*Data shown*:
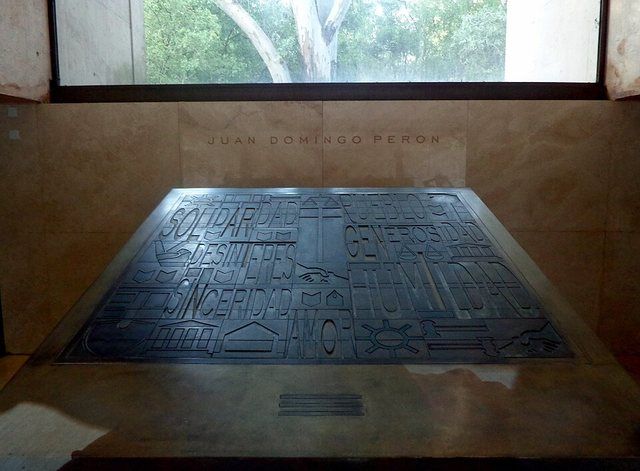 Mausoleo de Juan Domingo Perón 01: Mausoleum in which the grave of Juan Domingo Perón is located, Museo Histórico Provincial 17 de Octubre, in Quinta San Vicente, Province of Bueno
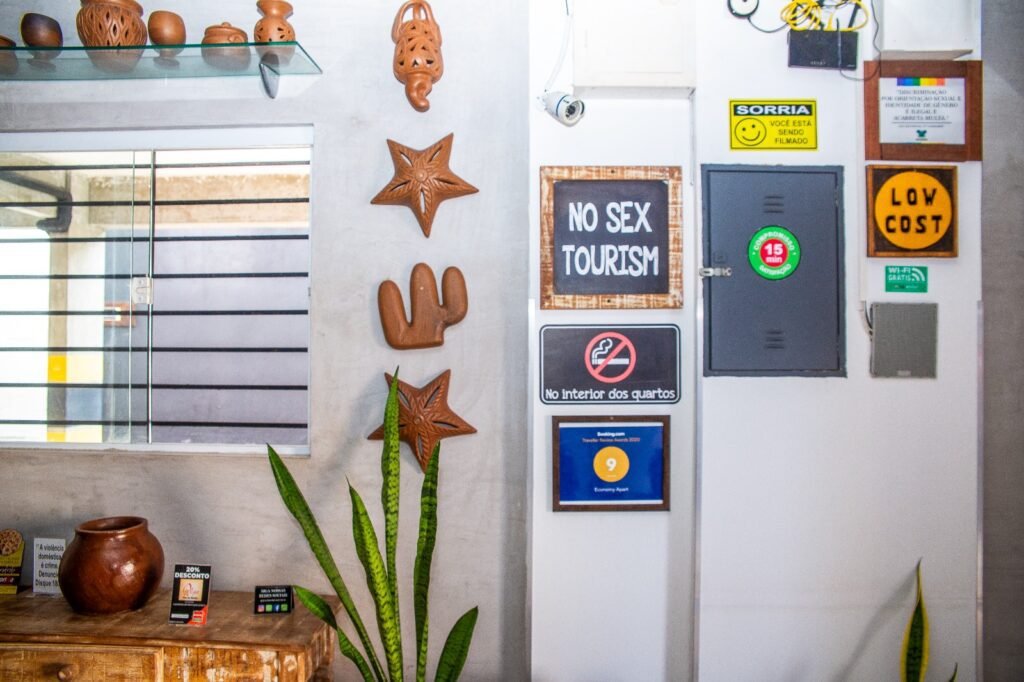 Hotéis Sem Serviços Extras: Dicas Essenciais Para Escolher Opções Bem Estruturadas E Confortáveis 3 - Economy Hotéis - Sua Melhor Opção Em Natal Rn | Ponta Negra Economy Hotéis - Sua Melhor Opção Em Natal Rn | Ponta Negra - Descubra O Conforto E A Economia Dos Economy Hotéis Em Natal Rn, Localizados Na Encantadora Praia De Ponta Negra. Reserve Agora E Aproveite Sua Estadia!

* * *

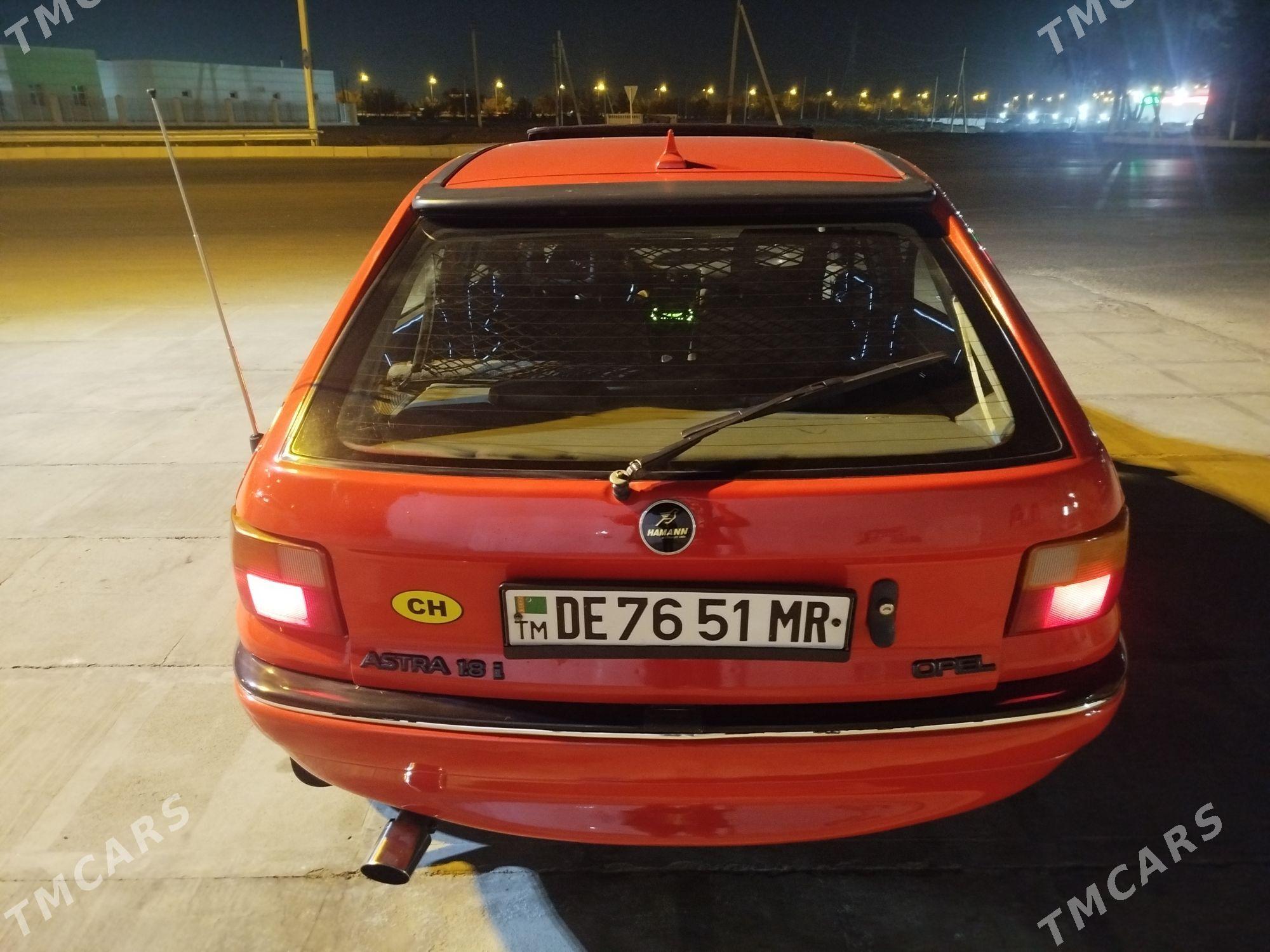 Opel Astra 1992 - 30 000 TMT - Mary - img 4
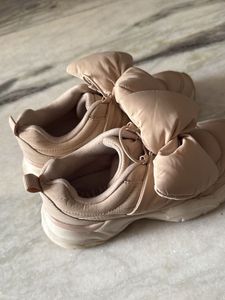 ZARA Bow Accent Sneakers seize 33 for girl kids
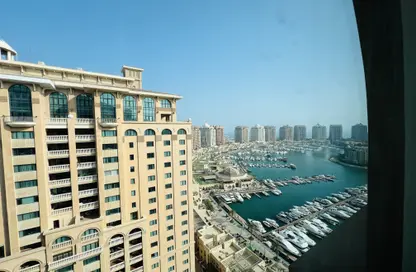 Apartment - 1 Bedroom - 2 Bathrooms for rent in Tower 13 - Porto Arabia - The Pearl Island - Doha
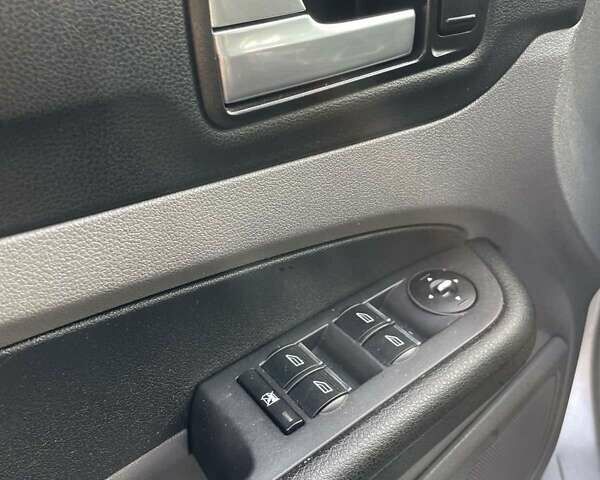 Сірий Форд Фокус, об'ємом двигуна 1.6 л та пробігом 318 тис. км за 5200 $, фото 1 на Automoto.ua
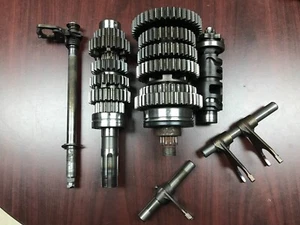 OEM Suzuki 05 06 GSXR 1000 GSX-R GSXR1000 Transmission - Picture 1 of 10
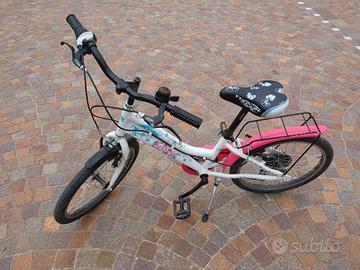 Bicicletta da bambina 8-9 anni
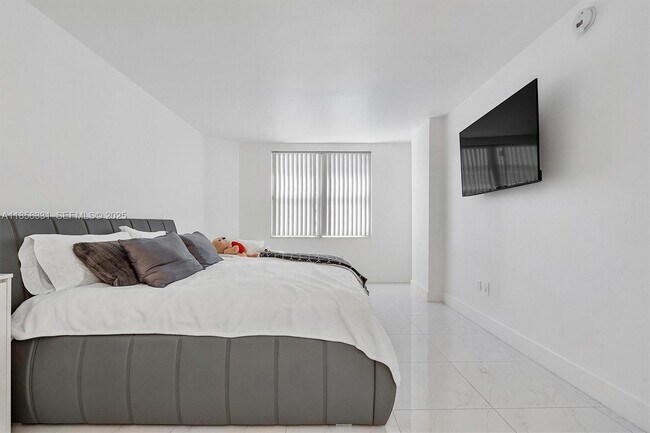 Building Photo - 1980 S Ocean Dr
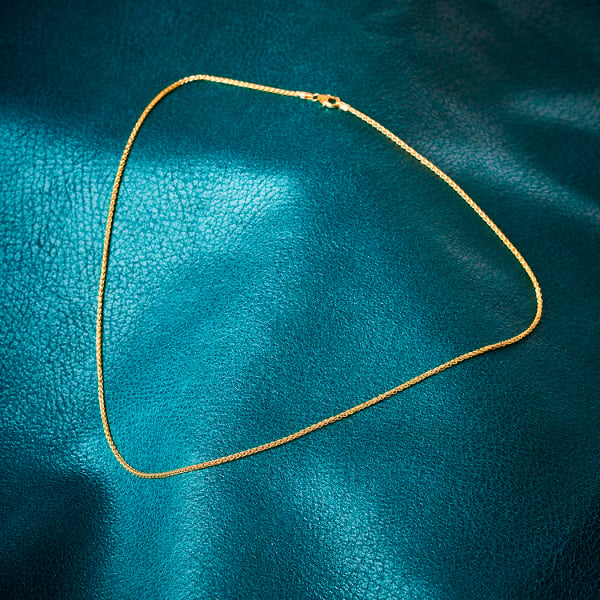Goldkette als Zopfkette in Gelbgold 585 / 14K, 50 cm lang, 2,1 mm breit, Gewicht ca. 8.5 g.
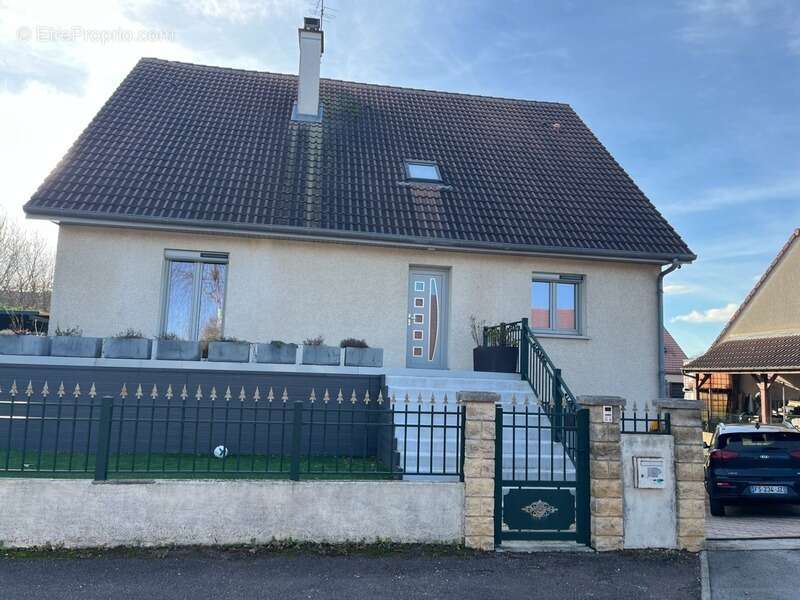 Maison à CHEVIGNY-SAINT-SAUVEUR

* * *

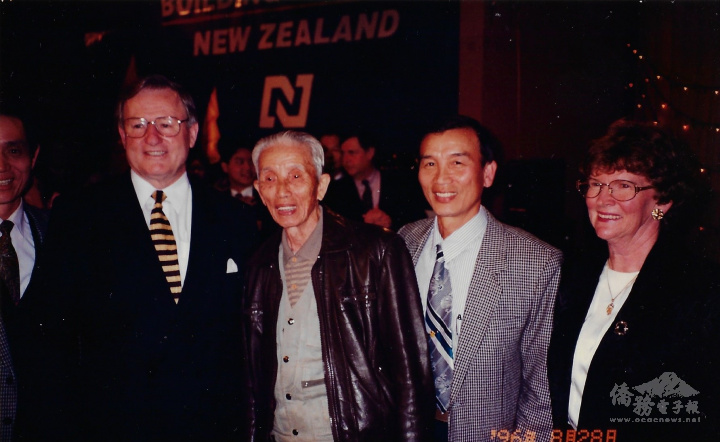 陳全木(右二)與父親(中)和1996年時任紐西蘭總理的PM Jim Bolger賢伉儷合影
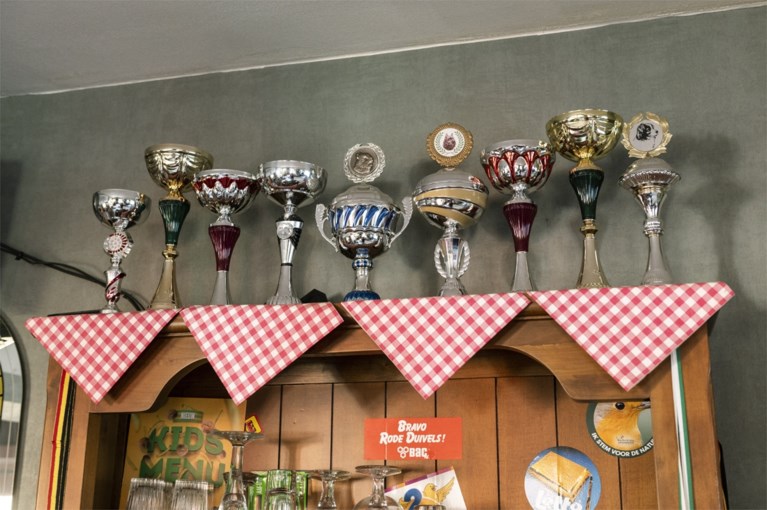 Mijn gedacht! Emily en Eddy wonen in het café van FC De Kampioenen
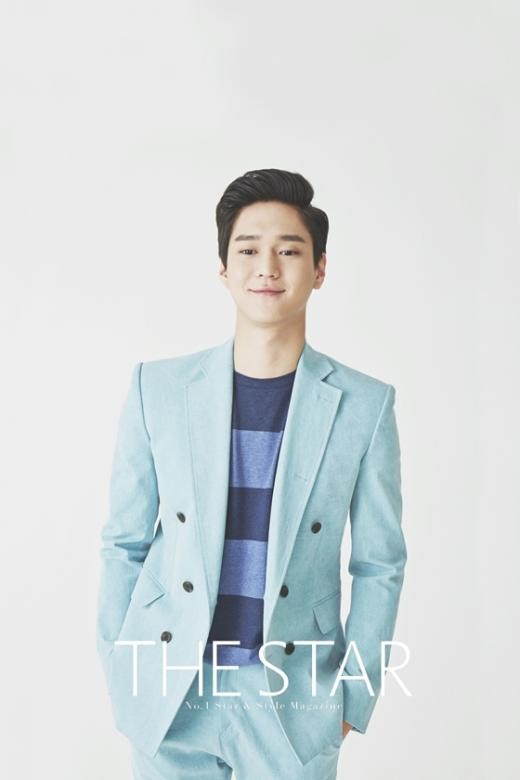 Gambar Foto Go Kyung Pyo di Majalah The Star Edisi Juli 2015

*Exercise brief*:
Print, exactly and with no pictures, the lines of the listing above starting at the one that has "陳全木(右二)與父親(中)和1996年時任紐西蘭總理的PM Jim Bolger賢伉儷合影" and ending at the one that has "Gambar Foto Go", both included.

*The answer*:
 陳全木(右二)與父親(中)和1996年時任紐西蘭總理的PM Jim Bolger賢伉儷合影
 Mijn gedacht! Emily en Eddy wonen in het café van FC De Kampioenen
 Gambar Foto Go Kyung Pyo di Majalah The Star Edisi Juli 2015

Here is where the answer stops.